Tuesday, March 25, 2008

Surprise jump nationwide isn't seen in Chicago

From the Chicago Sun-Times, March 25, 2008

Sales of existing homes increased unexpectedly in February after six months of decline across the country as median sales prices fell sharply.
But in the Chicago area, different trends prevailed. In February, the region's sales of existing homes fell 27 percent to 4,310 homes while average prices were steady, according to a report Monday from the Illinois Association of Realtors.
The report said the median sales price in the nine-county area rose 0.1 percent compared with February 2007 to $240,230.
"Illinois is certainly revealing, through both job growth and state revenue collections, that it is bucking the national trend in the first quarter of the year," said Geoffrey Hewings, director of the Regional Economic Applications Laboratory at the University of Illinois. Hewings helps the Illinois Realtors group prepare its sales data.
The closely watched Chicago condominium market had mixed results last month. The Realtors' report said Chicago condo sales volume was down nearly 10 percent from February 2007 to 1,047 units.
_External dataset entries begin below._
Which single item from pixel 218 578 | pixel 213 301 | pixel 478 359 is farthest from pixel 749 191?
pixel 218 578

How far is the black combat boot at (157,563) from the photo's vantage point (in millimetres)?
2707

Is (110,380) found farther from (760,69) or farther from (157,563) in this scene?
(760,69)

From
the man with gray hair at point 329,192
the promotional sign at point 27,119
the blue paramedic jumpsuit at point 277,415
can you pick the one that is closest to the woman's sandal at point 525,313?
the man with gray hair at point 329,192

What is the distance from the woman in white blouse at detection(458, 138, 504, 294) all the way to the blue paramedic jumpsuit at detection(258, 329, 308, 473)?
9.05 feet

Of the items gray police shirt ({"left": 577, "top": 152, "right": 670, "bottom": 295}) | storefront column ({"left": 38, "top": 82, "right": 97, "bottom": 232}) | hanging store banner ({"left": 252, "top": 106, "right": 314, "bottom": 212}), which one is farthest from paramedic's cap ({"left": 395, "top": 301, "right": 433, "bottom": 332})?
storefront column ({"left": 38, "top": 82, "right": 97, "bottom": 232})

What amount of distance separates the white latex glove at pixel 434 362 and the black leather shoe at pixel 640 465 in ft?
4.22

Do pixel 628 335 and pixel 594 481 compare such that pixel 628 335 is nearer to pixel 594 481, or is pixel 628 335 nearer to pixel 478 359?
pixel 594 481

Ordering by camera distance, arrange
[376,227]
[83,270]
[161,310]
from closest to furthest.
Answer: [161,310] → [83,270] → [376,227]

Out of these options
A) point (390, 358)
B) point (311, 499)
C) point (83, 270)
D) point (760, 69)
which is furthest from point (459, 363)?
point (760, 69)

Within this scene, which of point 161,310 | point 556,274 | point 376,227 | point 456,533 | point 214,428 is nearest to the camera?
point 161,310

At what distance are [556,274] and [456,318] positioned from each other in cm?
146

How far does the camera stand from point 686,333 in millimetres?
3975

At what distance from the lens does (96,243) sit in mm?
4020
At the same time, the median price rose 10.5 percent to $314,900.
Analysts said the market is finding strength in mortgage rates that have remained generally low. Interest rates on 30-year fixed-rate loans are close to 6 percent locally.
The national data in a report from the National Association of Realtors showed sales of existing homes rose by 2.9 percent in February to a seasonally adjusted annual rate of 5.03 million units. It marked the first sales increase since last July, but even with the gain sales were still 23.8 percent below where they were a year ago.
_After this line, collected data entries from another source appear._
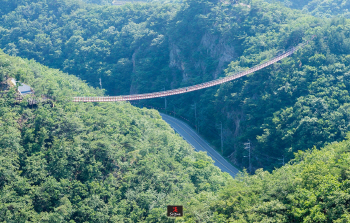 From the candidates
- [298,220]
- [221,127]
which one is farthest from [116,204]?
[221,127]

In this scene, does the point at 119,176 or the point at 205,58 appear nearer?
the point at 119,176

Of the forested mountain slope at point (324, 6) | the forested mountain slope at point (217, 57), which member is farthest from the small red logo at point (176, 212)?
the forested mountain slope at point (324, 6)

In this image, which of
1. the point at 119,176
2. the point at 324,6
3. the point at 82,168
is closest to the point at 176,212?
the point at 119,176

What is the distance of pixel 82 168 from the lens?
31734mm

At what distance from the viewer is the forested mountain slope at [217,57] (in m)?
46.5

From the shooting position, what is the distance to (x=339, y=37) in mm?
50781

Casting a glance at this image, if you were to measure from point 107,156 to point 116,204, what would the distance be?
13.7 ft

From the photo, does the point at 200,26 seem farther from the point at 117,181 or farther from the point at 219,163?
the point at 117,181

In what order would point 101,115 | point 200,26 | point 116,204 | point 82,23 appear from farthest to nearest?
point 82,23
point 200,26
point 101,115
point 116,204

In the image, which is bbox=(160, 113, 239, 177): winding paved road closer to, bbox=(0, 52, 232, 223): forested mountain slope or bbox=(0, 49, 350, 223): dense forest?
bbox=(0, 49, 350, 223): dense forest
The national report also said the median sales price for single-family homes and condominiums dropped to $195,900, a fall of 8.2 percent from a year ago, the biggest slide in the current housing slump. The median price for just single-family homes was down 8.7 percent from a year ago, the biggest decline in four decades.
Wall Street, which had been expecting another decline in sales, was encouraged by the February increase. But economists said they still believed any sustained rebound was many months away.
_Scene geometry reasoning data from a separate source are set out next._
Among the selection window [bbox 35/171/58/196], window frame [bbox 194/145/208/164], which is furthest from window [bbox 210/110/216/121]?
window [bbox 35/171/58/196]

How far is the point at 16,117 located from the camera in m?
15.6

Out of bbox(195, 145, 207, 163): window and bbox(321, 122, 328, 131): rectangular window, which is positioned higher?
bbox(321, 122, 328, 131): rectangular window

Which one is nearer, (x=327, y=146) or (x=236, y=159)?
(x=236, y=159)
''The hemorrhaging has stopped but the recovery will be long, slow and painful,'' said Bernard Baumohl, managing director of the Economic Outlook Group. ''It's unlikely that we will see any sustained jump in home purchases, much less higher prices, until mid-2009 at the earliest.''
Lawrence Yun, chief economist for the Realtors, said that some formerly hot markets in California and Florida were seeing significant price declines now as sellers are cutting prices to attract buyers.